ユニクロが提案する、衣服で夏を快適に過ごすための新基準「適材適暑(てきざいてきしょ)」。
近年、日本の夏は記録的な猛暑が続いていますが、一言に「暑い」と言っても、梅雨時期のじっとりとした湿気、真夏の刺すような直射日光、熱がこもる熱帯夜など、環境や時間帯によってその暑さの質はまったく異なります。
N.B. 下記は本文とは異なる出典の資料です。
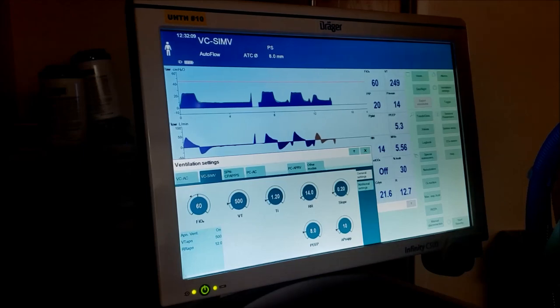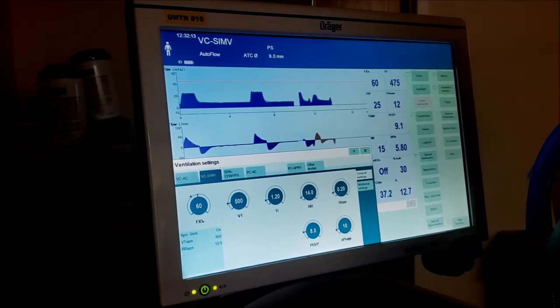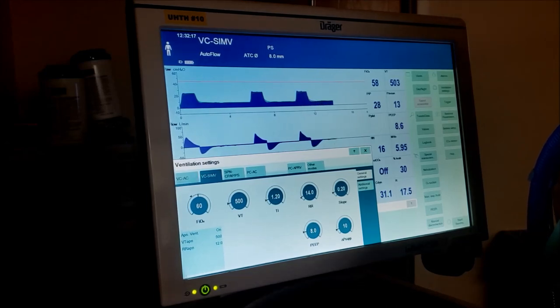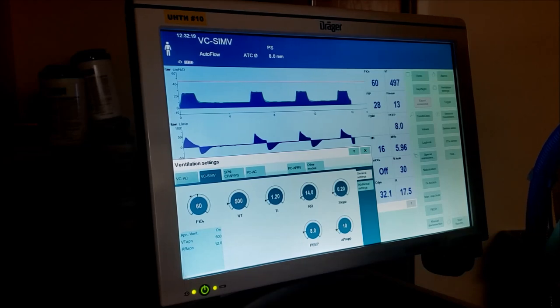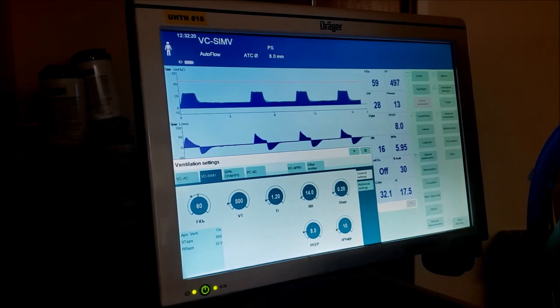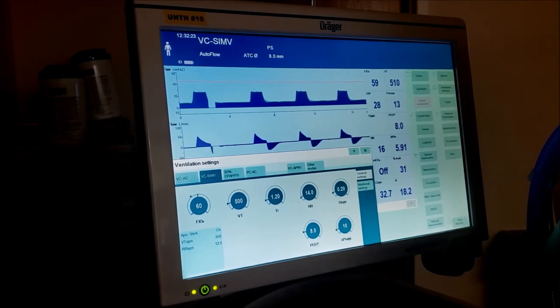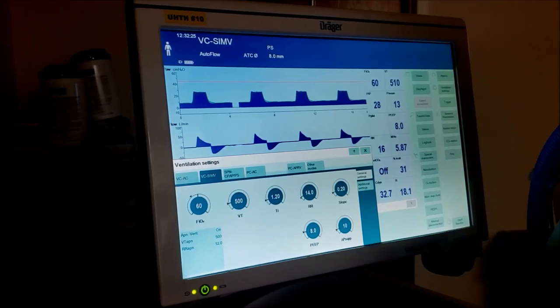This is a middle mode between assist control and CPAP and pressure support. We don't use it a lot, but it's one where they can breathe more on their own. Remember, assist control - they can breathe on their own but we are going to finish every single breath. It's really important when you're resting the patient to have assist control. SIMV has a tendency to wear patients out.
ユニクロはそんな多様な暑さに対し、「その時々の暑さや環境に合わせて素材・機能・デザインを選び、衣服で快適さをコントロールする」という新たな服選びの考え方を提案しました。今回、衣服を通じて過酷な夏の生活を支えるユニクロの取り組みを学ぶべく、『適材適暑アカデミー』に潜入取材してきました!
最高気温40℃以上の「酷暑日」時代にどう向き合う?
ステージに登壇したユニクロ ジャパンマーケティング部 部長の古宿瑠美氏は、年々過酷さを増す日本の夏への危機感を示しました。特に、気象庁が最高気温40℃以上の日を正式に「酷暑日」と決定したことに触れ、もはやこれまでの暑さ対策では対応が難しい時代が到来していることを強調。一様ではない夏の暑さや環境の変化に振り回されず、より快適な生活を実現するための新概念として、ユニクロは「適材適暑」を広く発信していくと語りました。
さらに、生活者が直感的に暑さを把握し、その日に応じた最適な服選びを行えるよう、ユニクロは「大型気温計」を店頭に設置する取り組みを発表。「大型気温計」は6月1日より、JR池袋駅中央1改札内店やなんばウォーク店など、全国の駅ナカ店舗を中心とした一部店舗に順次設置されます。気温と連動して「真夏日」や「酷暑日」などを表示するこの気温計は、お出かけ時の服選びを店頭からサポートしてくれます。
熱中症のスペシャリスト三宅医師が解説! 梅雨時期の暑さのメカニズム
続いて、熱中症予防の第一人者であり、救急専門医の三宅康史医師が登壇。医学的知見を取り入れた、過酷な夏を賢く生き抜くための暑さの注意ポイントが説明されました。
特にこれからの時期に警戒すべきは「梅雨時期の暑さ」。高湿度な環境下では汗が乾きにくく、家事や仕事で身体を動かす人ほど体温が急上昇する危険があるため、衣服で汗を効率よく乾かして体温を調節することが大切だといいます。
ユニクロの提唱する「適材適暑」は、こうした高湿度な室内環境をはじめ、雨上がりの照り返しやオフィスでの急な温度差など、あらゆる夏のシーンに対応したライフウェアで心地よく過ごすヒントを提案するアプローチです。
会場内には、ユニクロが誇る最先端テクノロジーを実際に体験できる「商品展示スペース」が用意されており、その圧倒的な機能性を体感することができました。
● 遮熱体験機(UVカット):実際に中に手を入れることで、遮熱機能による温度差をダイレクトに肌で感じられるユニークな体験機。直射日光を遮るテクノロジーの威力を直感的に体感できます。
●「エアリズム」の消臭機能実験セット:ニオイの元に見立てて着色されたアンモニア溶液にエアリズムの繊維を投入すると、溶液がみるみるうちに中和され、白く変化!夏の気になるニオイを抑え込む技術を目の当たりにしました。
●「ドライEX」の速乾性実験:「ドライEX」と「コットン100%」の生地にそれぞれ水分を含ませ、乾くスピードを比較する実験。コットンが湿ったままなのに対し、ドライEXが素早くサラサラになる様子から、その優れた吸汗速乾性が実証されていました。
単なる「服」の枠を超え、どれもサイエンスの力で夏の不快感を軽減し、快適さへと導こうとする工夫が凝らされた、ユニクロの本気度が伝わる展示内容でした。